Tuesday, August 18, 2009

Dijon Mustard Chicken Fricassee

I have to admit that this looks kinda, um, not good. But it is really just my plating and photography skills that are not good. This dish is, in actuality, quite good.Dijon Mustard Chicken Fricassee

From: Cooking Light, Jan/Feb 2009

1/4 cup dijon mustard
1/4 fresh parsley, chopped and divided
1 Tbs. fresh thyme, chopped and divided
3 lbs. chicken breasts, cut into strips
1/4 tsp. salt
1/4 tsp. black pepper
1 Tbs. olive oil
1 1/2 cups onion, chopped
3 cloves garlic, minced
1 cup dry white wine
1 cup chicken broth

Combine mustard, 1 Tbs. parsley, 1 1/2 tsp. thyme, and chicken in a large ziploc bag; toss well to coat. Chill 8 hours or overnight.

Remove chicken from bag and discard marinade. Sprinkle chicken with salt and black pepper.
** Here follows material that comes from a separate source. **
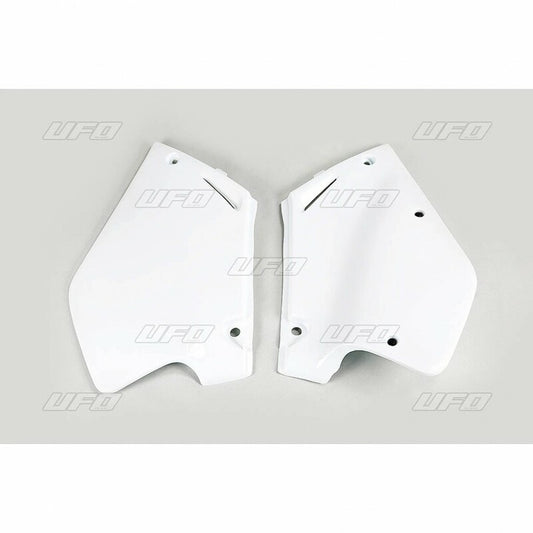 UFO Side number plates white Honda CR125R/250R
Heat olive oil in a large dutch oven (I don't have one, so I just used a large heavy skillet) over medium-high heat. Add chicken to pan and cook for 5 minutes on each side or until browned. Remove from pan.

Add chopped onion to pan, and saute 5 minutes or until tender, stirring frequently. Add garlic to pan, and saute 1 minute, stirring constantly. Stir in wine and chicken broth, scrapping pan to loosen browned bits. Stir in 1 tablespoon parsley and remaining 1 1/2 tsp. thyme. Return chicken to pan. Cover, reduce heat, and simmer 25 minutes or until chicken is done. Remove from pan with a slotted spoon, keep warm.

Cook sauce, uncovered, oven medium heat 4 minutes or until slightly thick. Pour sauce over chicken, and sprinkle with remaining 2 Tbs. parsley.